Thank you.
When I read Pope Benedict XVI’s words about the Holocaust, I was stunned at his attempt to turn the Holocaust into a Christian tragedy. Not that it wasn’t anything I hadn’t heard before from a handful of deeply narcissistic Christians with persecution complexes, but to hear the leader of the Catholic church say it? Unbelievable. As the writer of this op/ed says:
Benedict falsely exonerated Germans from their responsibility for the Holocaust by blaming only a “ring of criminals” who “used and abused” the duped and dragooned German people as an “instrument” of destruction. In truth, Germans by and large supported the Jews’ persecution, and many of the hundreds of thousands of perpetrators were ordinary Germans who acted willingly.
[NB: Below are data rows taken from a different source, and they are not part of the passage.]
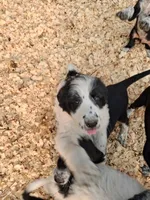 Moose, a male Border Collie and Old English Sheepdog for sale in Homer, MI – 4 of 5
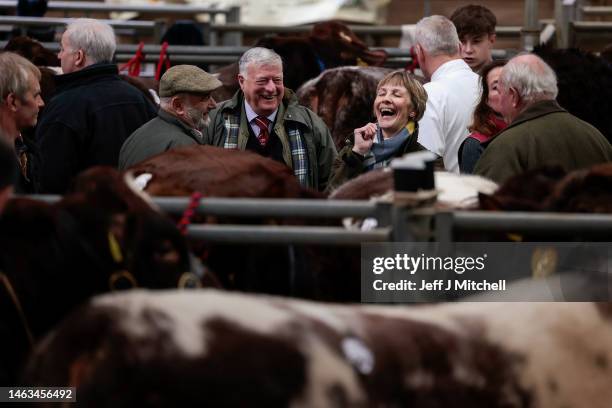 Cattle are prepared for auction at the Stirling Bull Sale on February 06, 2023 in Stirling, Scotland. This is a society sale held under the auspices...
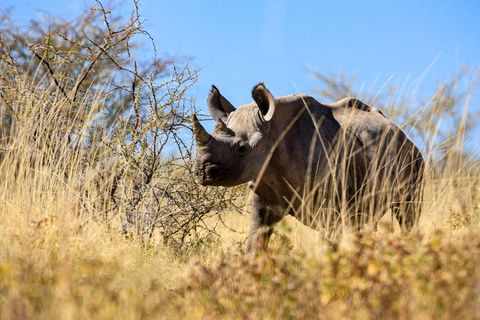 Ein Nashorn geht durch hohes, vertrocknetes Gras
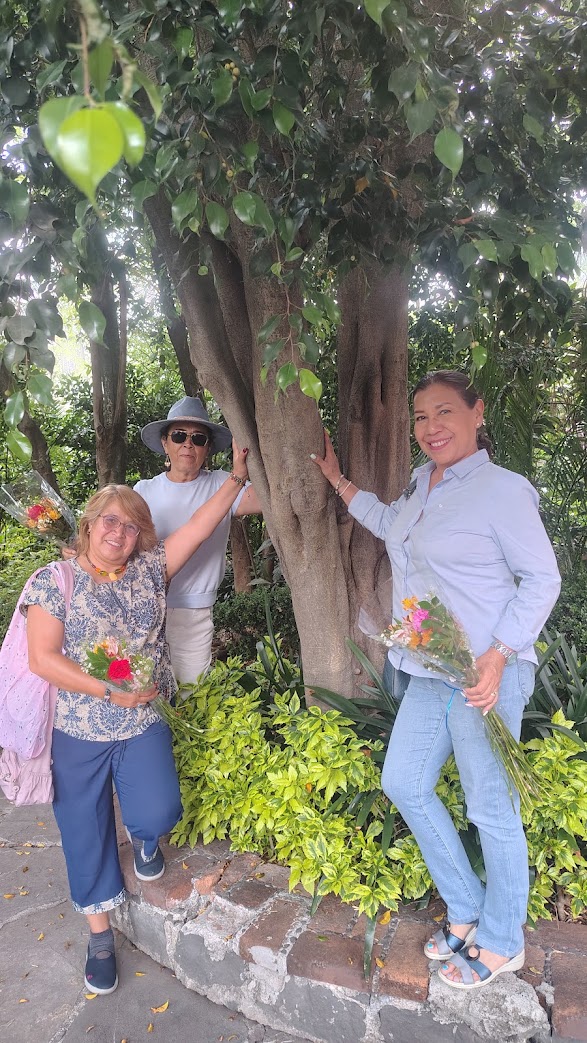 Ecotour San Ángel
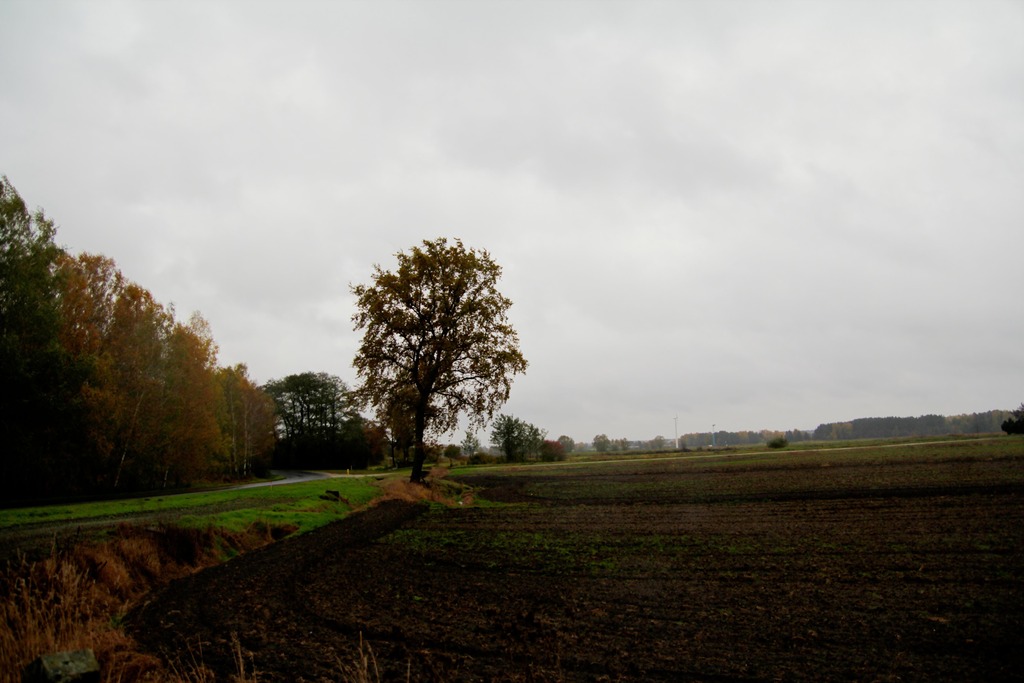 Działka – Charbice Dolne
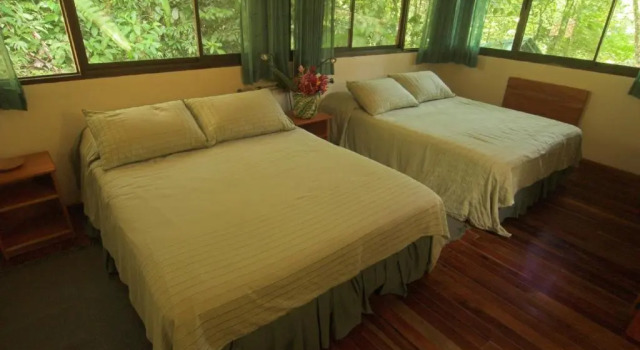 Номер Standard Selva Verde Lodge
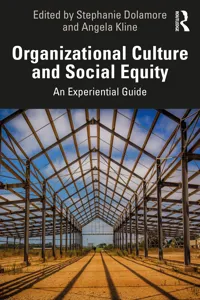 Organizational Culture and Social Equity_cover
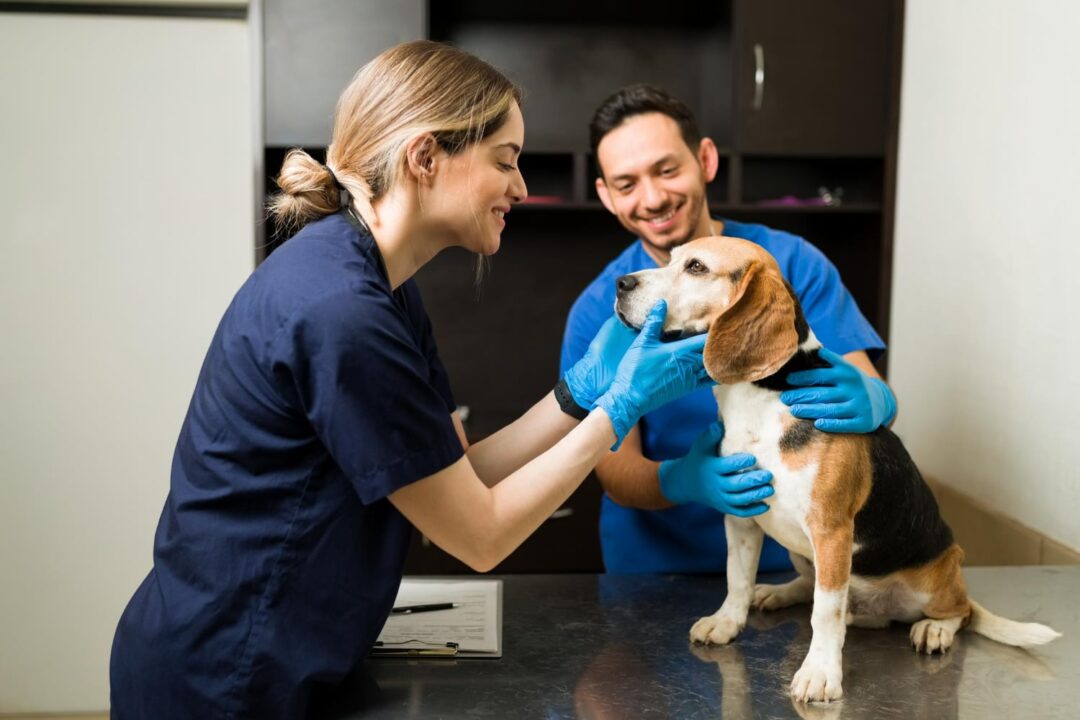 veterinary workforce support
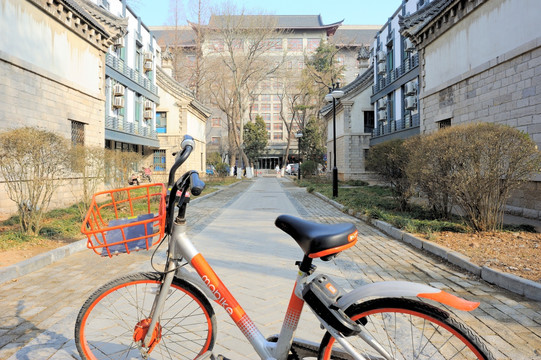 大学校园里的共享单车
It is false to attribute culpability for the Holocaust wholly or even primarily to a “criminal ring.” No German scholar or mainstream politician would today dare put forth Benedict’s mythologized account of the past.
Benedict did say correctly that the “rulers of the Third Reich wanted to crush the entire Jewish people.” But he then turned the Holocaust into an assault most fundamentally not on Jews but on Christianity itself, by falsely asserting that the ultimate reason the Nazis wanted to kill Jews was “to tear up the taproot of the Christian faith” — meaning that their motivation to kill Jews was because Judaism was the parent religion of Christianity.
You see, the Holocaust was just a precursor to the “War on Christmas.”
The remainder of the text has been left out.